WHAT TO PRODUCE
Copy every line of the data below exactly as given, except for the pictures.

STORED DATA
# # # # # # #

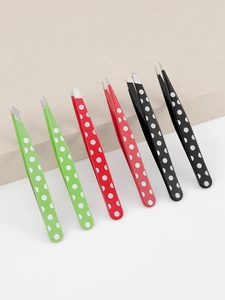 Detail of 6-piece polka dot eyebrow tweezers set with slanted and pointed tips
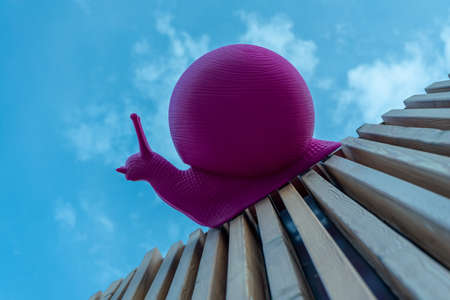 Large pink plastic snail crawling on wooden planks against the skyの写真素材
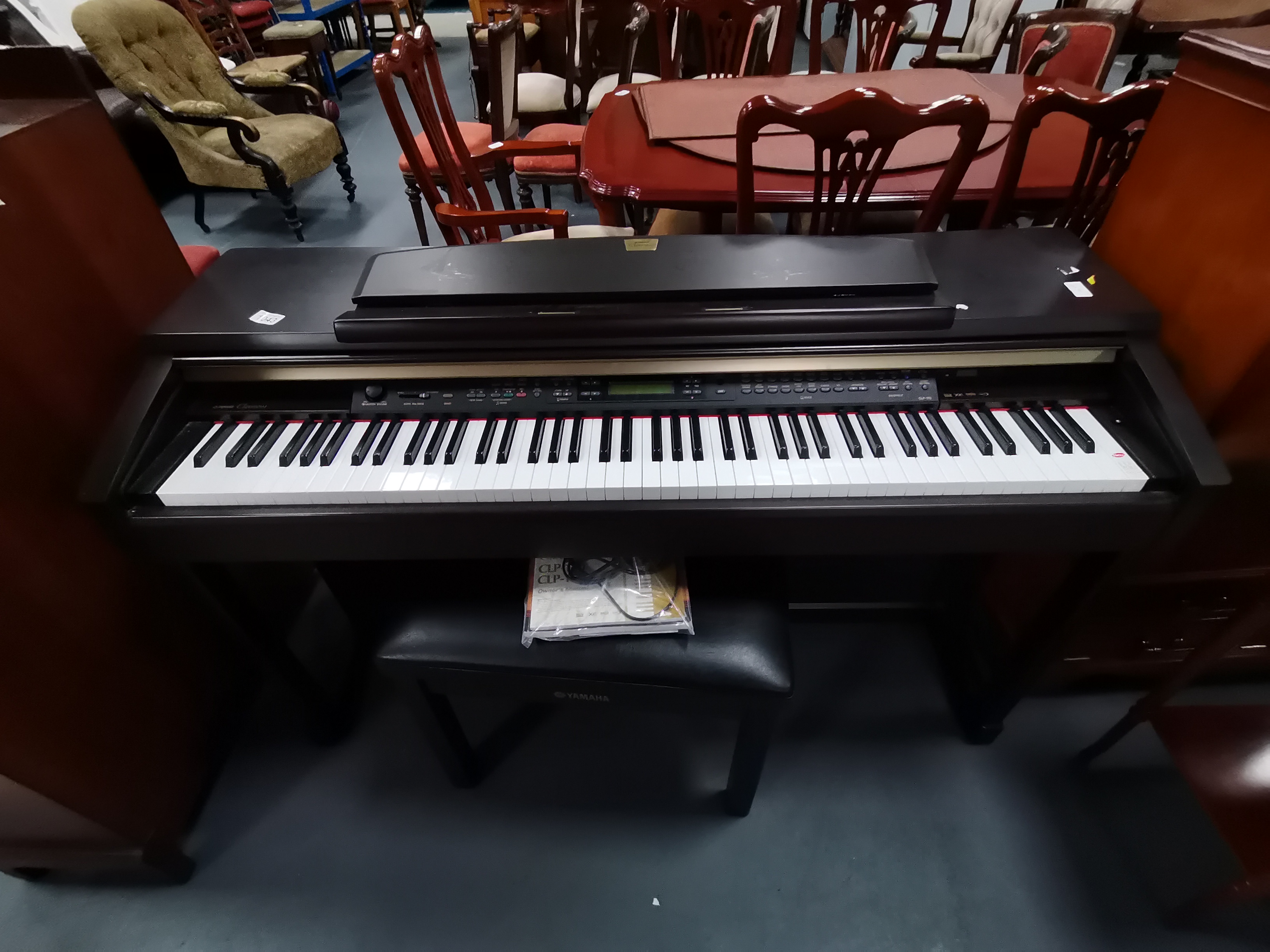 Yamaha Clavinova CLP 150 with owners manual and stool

# # # # # # #

RESPONSE BELOW
 Detail of 6-piece polka dot eyebrow tweezers set with slanted and pointed tips
 Large pink plastic snail crawling on wooden planks against the skyの写真素材
 Yamaha Clavinova CLP 150 with owners manual and stool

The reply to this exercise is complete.